I am trying to solve this problem where I need to express a probability problem as a queueing problem. I'm having troubles getting the distributions right.
Here's the problem:
There are $n$ keys, only one of them opens the lock. Find the average number of keys tried before the door is opened.
As a probability problem,I solve it like this. Let $\xi$ be the r.v. for number of attempts. Then my goal is to calculate $\mathbb{E}\xi$. Then $k-th$ attempt is successful if attempts $1,\dots,k-1$ failed and $k-th$ succeeded. Then $$\mathbb{E}\xi=1\cdot\frac{1}{n}+\sum_{k=2}^n\Big(k\frac{1}{n-k+1}\prod_{m=0}^{k-2}\frac{n-m-1}{n-m}\Big)$$ i.e. for $n=3$, for example: $$\mathbb{E}\xi=1\cdot\frac{1}{3}+2\cdot\frac{1}{2}\cdot\frac{2}{3}+3\cdot1\cdot\frac{2}{3}\cdot\frac{1}{2}=2$$
I'm quite sure that $\mathbb{E}\xi=\frac{\sum_{m=1}^nm}{n}\quad\forall n\geq 1$ because every key is equally likely to open the lock.
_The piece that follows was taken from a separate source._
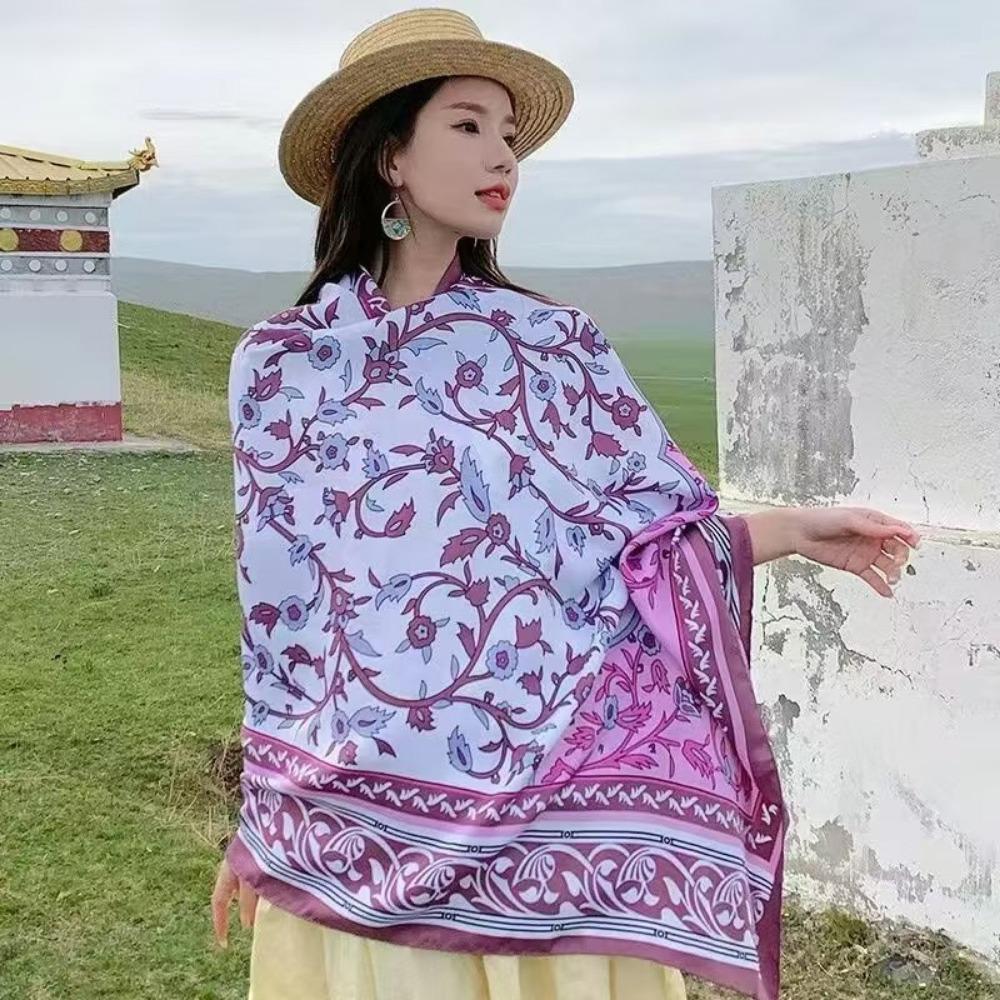 Chaka Salt Lake Great Northwest Tourism Ethnic Style Scarf Silk Scarf Women'S Summer Seaside Beach Shawl Sunscreen Thin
So, we are equally likely to have the correct key on any attempt.
My goal is to solve this problem using the Erlang B formula: $$E_k=\frac{\alpha^k/k!}{\sum_{m=0}^k\alpha^m/m!}$$ where $\alpha=\lambda/\beta$ is traffic, $k$ - number of used resources (channels).
I need to describe this probability problem as a queuing problem to obtain a solution with Erlang B. If I assume that the average number of attempts is the average number of channels used to obtain the right key, I have the following distribution of $\xi$:
| $\xi$ | 1 | 2 | ... | n |
|---|---|---|---|---|
| Prob. of right key | 1-$E_1$ | $E_2-E_1$ | ... | $E_n-E_{n-1}$ |
the expected value is then $$\mathbb{E}\xi=\sum_{k=1}^nk(E_{k-1}-E_k)\quad\text{where }E_0=1$$
I apply this formula to $n=3$ (3 keys mean 3 total possibilities, thus 3 channels) and $\alpha=1$ (1 key per try) and get $\mathbb{E}\xi\sim 1.512<2$. I then try to recalculate for different $n,\alpha$ and never get the correct answer.
How do I interpret/assign the parameters in Erlang B to get on the right track?